◆ DATA EXTRACTS ◆

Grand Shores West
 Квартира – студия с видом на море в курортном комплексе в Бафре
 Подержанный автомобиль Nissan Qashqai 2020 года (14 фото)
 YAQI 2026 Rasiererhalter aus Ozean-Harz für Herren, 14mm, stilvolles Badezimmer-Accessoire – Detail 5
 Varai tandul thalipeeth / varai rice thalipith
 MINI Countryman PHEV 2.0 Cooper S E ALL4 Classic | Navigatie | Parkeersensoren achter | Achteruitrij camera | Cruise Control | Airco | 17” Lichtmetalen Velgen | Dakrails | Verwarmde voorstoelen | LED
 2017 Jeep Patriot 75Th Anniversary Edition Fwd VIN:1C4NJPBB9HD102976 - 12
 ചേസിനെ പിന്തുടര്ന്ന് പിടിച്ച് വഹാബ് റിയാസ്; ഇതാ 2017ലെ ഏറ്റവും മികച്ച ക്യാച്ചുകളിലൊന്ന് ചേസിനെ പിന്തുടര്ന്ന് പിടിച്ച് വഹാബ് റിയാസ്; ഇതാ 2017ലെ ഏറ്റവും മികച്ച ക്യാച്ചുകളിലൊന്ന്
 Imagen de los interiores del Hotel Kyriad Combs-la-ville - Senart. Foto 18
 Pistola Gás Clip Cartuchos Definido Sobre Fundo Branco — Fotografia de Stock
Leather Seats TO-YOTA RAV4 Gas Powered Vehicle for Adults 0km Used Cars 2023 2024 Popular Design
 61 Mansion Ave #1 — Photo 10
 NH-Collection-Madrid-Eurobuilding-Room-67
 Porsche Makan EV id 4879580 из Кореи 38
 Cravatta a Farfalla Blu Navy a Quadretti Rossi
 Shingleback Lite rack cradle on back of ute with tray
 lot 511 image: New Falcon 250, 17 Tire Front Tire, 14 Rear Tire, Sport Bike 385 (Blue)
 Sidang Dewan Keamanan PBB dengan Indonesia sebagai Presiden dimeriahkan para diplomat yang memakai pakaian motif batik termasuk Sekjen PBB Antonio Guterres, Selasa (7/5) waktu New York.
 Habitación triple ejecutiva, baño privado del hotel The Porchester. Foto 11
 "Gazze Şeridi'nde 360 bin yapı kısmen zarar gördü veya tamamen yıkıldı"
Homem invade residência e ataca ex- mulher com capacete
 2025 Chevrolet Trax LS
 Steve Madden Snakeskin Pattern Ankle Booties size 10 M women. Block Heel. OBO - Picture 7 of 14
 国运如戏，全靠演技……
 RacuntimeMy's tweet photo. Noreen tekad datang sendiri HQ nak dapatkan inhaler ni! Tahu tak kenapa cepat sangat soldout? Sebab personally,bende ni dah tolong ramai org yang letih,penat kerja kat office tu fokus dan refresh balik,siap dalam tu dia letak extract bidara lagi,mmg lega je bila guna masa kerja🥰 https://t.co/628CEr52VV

◆ TASK STATEMENT ◆
Copy each line of the data above without altering a single character.

◆ TASK SOLUTION ◆
Grand Shores West
 Квартира – студия с видом на море в курортном комплексе в Бафре
 Подержанный автомобиль Nissan Qashqai 2020 года (14 фото)
 YAQI 2026 Rasiererhalter aus Ozean-Harz für Herren, 14mm, stilvolles Badezimmer-Accessoire – Detail 5
 Varai tandul thalipeeth / varai rice thalipith
 MINI Countryman PHEV 2.0 Cooper S E ALL4 Classic | Navigatie | Parkeersensoren achter | Achteruitrij camera | Cruise Control | Airco | 17” Lichtmetalen Velgen | Dakrails | Verwarmde voorstoelen | LED
 2017 Jeep Patriot 75Th Anniversary Edition Fwd VIN:1C4NJPBB9HD102976 - 12
 ചേസിനെ പിന്തുടര്ന്ന് പിടിച്ച് വഹാബ് റിയാസ്; ഇതാ 2017ലെ ഏറ്റവും മികച്ച ക്യാച്ചുകളിലൊന്ന് ചേസിനെ പിന്തുടര്ന്ന് പിടിച്ച് വഹാബ് റിയാസ്; ഇതാ 2017ലെ ഏറ്റവും മികച്ച ക്യാച്ചുകളിലൊന്ന്
 Imagen de los interiores del Hotel Kyriad Combs-la-ville - Senart. Foto 18
 Pistola Gás Clip Cartuchos Definido Sobre Fundo Branco — Fotografia de Stock
Leather Seats TO-YOTA RAV4 Gas Powered Vehicle for Adults 0km Used Cars 2023 2024 Popular Design
 61 Mansion Ave #1 — Photo 10
 NH-Collection-Madrid-Eurobuilding-Room-67
 Porsche Makan EV id 4879580 из Кореи 38
 Cravatta a Farfalla Blu Navy a Quadretti Rossi
 Shingleback Lite rack cradle on back of ute with tray
 lot 511 image: New Falcon 250, 17 Tire Front Tire, 14 Rear Tire, Sport Bike 385 (Blue)
 Sidang Dewan Keamanan PBB dengan Indonesia sebagai Presiden dimeriahkan para diplomat yang memakai pakaian motif batik termasuk Sekjen PBB Antonio Guterres, Selasa (7/5) waktu New York.
 Habitación triple ejecutiva, baño privado del hotel The Porchester. Foto 11
 "Gazze Şeridi'nde 360 bin yapı kısmen zarar gördü veya tamamen yıkıldı"
Homem invade residência e ataca ex- mulher com capacete
 2025 Chevrolet Trax LS
 Steve Madden Snakeskin Pattern Ankle Booties size 10 M women. Block Heel. OBO - Picture 7 of 14
 国运如戏，全靠演技……
 RacuntimeMy's tweet photo. Noreen tekad datang sendiri HQ nak dapatkan inhaler ni! Tahu tak kenapa cepat sangat soldout? Sebab personally,bende ni dah tolong ramai org yang letih,penat kerja kat office tu fokus dan refresh balik,siap dalam tu dia letak extract bidara lagi,mmg lega je bila guna masa kerja🥰 https://t.co/628CEr52VV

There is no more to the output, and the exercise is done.